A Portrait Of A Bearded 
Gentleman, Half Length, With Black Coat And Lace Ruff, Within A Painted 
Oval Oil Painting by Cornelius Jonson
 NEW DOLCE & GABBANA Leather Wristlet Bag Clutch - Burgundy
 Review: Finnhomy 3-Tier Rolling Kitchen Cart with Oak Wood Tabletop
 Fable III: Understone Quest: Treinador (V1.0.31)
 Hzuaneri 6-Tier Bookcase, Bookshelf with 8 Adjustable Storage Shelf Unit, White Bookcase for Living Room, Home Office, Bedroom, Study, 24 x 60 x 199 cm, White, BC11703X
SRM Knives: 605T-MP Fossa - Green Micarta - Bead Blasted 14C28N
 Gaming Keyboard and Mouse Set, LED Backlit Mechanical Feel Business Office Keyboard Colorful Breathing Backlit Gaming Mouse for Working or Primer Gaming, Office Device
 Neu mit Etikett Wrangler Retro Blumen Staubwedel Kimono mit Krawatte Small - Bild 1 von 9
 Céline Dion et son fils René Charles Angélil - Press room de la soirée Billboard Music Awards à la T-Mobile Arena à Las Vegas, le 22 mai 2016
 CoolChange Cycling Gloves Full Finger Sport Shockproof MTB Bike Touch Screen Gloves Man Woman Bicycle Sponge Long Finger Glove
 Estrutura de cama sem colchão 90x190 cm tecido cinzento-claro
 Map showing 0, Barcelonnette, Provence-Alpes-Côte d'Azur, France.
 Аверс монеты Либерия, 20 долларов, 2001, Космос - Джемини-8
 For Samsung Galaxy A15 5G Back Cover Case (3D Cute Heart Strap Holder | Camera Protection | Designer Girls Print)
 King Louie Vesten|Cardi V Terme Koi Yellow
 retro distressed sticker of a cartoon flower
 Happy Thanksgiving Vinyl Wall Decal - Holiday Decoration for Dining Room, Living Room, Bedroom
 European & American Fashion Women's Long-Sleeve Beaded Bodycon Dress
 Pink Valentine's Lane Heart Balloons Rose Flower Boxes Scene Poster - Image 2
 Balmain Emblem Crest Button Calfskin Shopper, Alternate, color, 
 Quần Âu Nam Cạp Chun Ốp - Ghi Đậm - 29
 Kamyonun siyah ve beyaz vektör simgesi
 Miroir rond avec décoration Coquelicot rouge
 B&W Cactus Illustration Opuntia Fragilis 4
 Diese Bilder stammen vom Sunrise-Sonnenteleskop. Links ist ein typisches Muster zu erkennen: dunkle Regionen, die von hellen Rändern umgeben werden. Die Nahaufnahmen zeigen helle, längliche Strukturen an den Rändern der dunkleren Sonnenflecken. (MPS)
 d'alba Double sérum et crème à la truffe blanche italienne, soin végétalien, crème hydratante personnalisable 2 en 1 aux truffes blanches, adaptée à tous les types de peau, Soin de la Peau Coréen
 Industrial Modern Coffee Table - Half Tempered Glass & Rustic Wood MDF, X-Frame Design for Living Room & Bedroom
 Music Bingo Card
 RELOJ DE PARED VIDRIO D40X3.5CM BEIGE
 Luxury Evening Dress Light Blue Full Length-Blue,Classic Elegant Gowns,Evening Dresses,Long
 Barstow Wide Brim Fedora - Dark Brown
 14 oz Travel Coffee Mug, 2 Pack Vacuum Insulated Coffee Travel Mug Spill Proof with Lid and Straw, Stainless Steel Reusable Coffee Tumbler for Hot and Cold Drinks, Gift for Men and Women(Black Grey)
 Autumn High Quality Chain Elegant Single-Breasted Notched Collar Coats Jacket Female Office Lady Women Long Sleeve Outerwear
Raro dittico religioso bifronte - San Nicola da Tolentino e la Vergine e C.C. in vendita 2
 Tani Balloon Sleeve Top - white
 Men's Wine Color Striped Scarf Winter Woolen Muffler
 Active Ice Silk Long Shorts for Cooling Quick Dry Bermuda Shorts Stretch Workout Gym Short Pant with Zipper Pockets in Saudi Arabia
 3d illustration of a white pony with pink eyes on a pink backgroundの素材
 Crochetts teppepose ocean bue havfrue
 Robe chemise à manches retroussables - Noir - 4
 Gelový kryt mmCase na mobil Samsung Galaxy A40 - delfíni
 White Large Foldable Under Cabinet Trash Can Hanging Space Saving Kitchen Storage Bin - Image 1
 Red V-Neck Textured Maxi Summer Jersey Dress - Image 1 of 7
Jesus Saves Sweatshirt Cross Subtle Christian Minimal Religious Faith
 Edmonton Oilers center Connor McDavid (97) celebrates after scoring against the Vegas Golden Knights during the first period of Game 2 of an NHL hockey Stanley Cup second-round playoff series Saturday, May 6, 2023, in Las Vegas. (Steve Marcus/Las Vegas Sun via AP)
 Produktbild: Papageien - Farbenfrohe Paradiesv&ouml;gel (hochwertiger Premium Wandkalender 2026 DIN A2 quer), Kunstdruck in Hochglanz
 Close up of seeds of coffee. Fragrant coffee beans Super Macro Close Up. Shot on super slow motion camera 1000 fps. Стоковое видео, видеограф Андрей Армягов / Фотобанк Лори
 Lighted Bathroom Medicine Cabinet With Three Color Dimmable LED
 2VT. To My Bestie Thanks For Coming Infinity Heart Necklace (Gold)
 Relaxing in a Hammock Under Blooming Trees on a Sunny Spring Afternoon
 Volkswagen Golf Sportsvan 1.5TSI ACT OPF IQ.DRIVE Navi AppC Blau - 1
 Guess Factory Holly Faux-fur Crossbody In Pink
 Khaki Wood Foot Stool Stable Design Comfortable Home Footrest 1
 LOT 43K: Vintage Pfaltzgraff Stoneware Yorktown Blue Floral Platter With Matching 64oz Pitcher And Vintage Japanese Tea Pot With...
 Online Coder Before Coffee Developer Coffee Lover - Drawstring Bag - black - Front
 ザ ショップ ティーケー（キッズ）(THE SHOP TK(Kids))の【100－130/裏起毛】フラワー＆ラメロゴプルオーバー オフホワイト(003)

= = =

• _TASK BRIEF_:
Number of lines containing "Image" in the material above: give that number alone.

• _EXERCISE RESULT_:
3